What makes Halloween so appealing isn’t the bulging bags of candy or the thrill of fright. It’s the out-of-personality experience that comes from putting together a costume and being someone else.

I say “putting together” a costume, rather than buying one, because to me, that’s half the fun. With a mask and the outfit of accompanying clothes, you escape yourself for a while. It’s fun simply to regard others regarding you.

Back in the 1970s, we would assemble costumes from old clothing and random props, creating personas that were sometimes scary, sometimes ghoulish, usually cliché, but always original. The hobo. The mad scientist. The vampire.

The whole house became our wardrobe: dad’s workshop, mom’s makeup drawer, even kitchen utensils were all fair game. Nothing was too outlandish.

A British sketch comedy show called “The Two Ronnies” once came up with a sinister yet silly character known as the Phantom Raspberry Blower.

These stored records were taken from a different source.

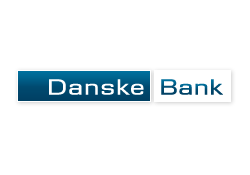 Danske Bank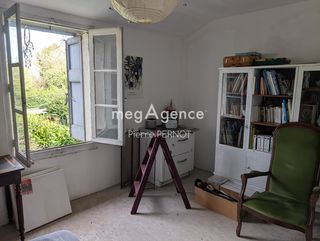  Maison � vendre 6 pi�ces 142 m�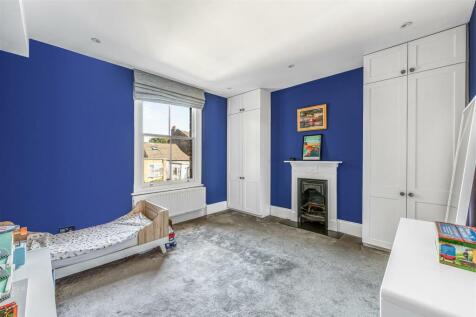 24 Milton Road-19.jpg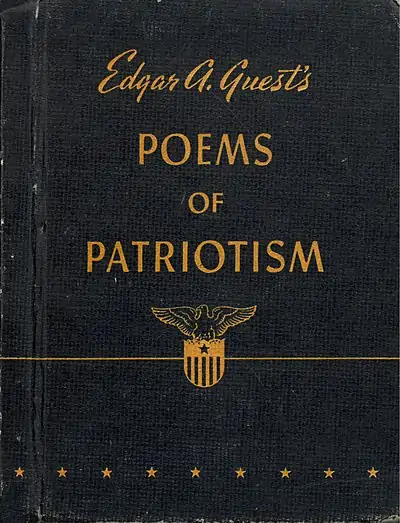 Poems of Patriotism - Cover.jpg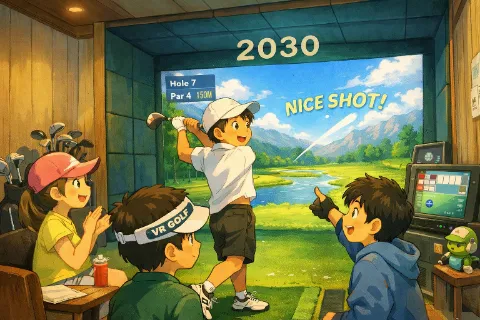 정모 대표 이미지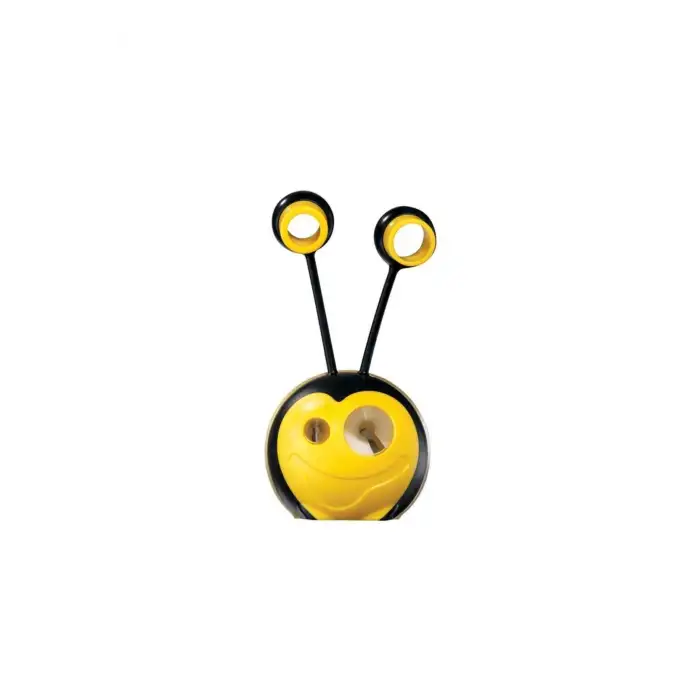 MAPED KALEMTRAŞ CROC CROC ÇİFT DELİKLİ-4 ÇAPLI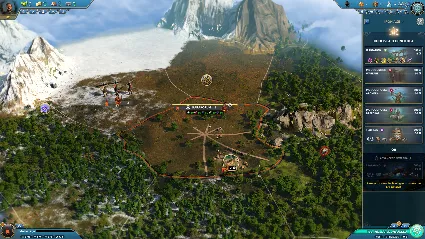 ⭐ ️ Ara: History Untold - Untold Scenarios STEAM GIFT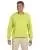 5978.webp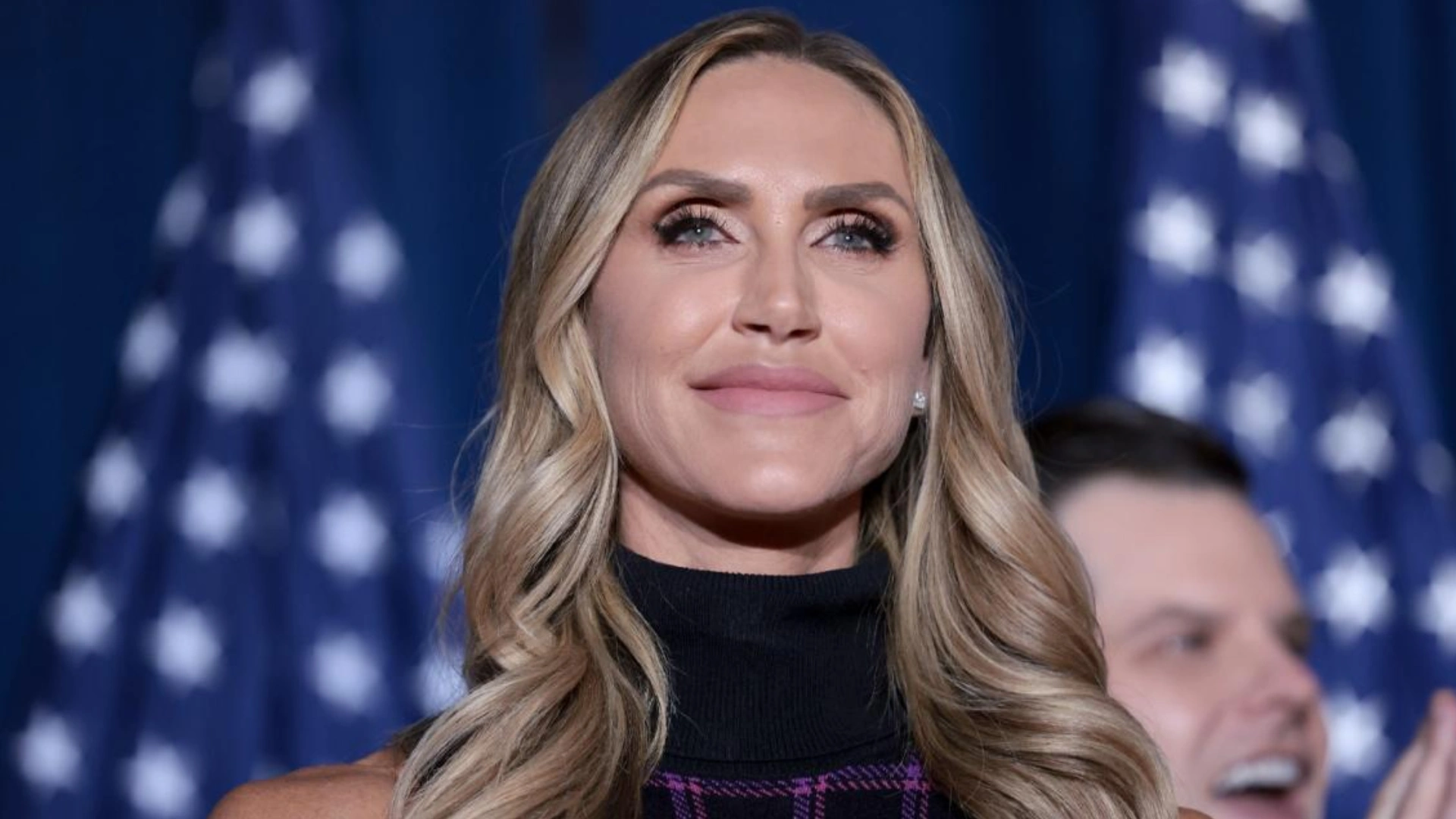 Who Is Lara Trump? Donald Trump’s Daughter-In-Law Will Be Replaced By THIS Republican After Withdrawing From Florida Senate Bid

Dressed in a Victorian cape and top hat, he would knock on farm-house doors. When the unsuspecting resident opened it, the PRB would throw open his cape and, in the universal human sound for flatulence, issue a lengthy raspberry. Invariably, it killed the victim instantly.

To the 10-year-old me, this was the funniest thing in the world. Little did I realize the show was actually spoofing contemporary serial killers, not to mention alluding to Jack the Ripper. But for us it was harmless fun.

So that Halloween my younger brother and I dressed as phantom raspberry blowers. Old beach towels were our capes. We found old hats and dabbed on Mom’s makeup powder so we’d look pasty and ghoulish. Then we hit the streets. (Of course, we’d already honed our best rip-roaring raspberries from years of standard childhood practice.) Years later, a friend once dressed up as a cereal killer. He wore a simple suit to which he affixed various boxes of breakfast cereal.

Today, corporate America sells flimsy, Chinese-made replica costumes from every TV show, movie and cartoon, deftly playing on children’s strong desire to become that which they see. Creativity is gone from the equation.

I recently asked our 3-year-old who she wanted to be for Halloween. “Belle,” she responded, referring to the angelic beauty from Beauty and the Beast. I won’t even bother to root around the closet to help her assemble a homespun costume. Next time we’re in Wal-Mart, she’ll spot a flimsy, mass-produced costume, cunningly and colorfully packaged and strategically placed at her eye level.

At least I’ll take comfort in the fact that, regardless how contrived her costume will be, she’ll walk, carry herself and feel, if only for a few hours, like an actual princess.

Then the sugar high will wear off, and she’ll fall into a deep, polyester-clad slumber we grownups can only wish for.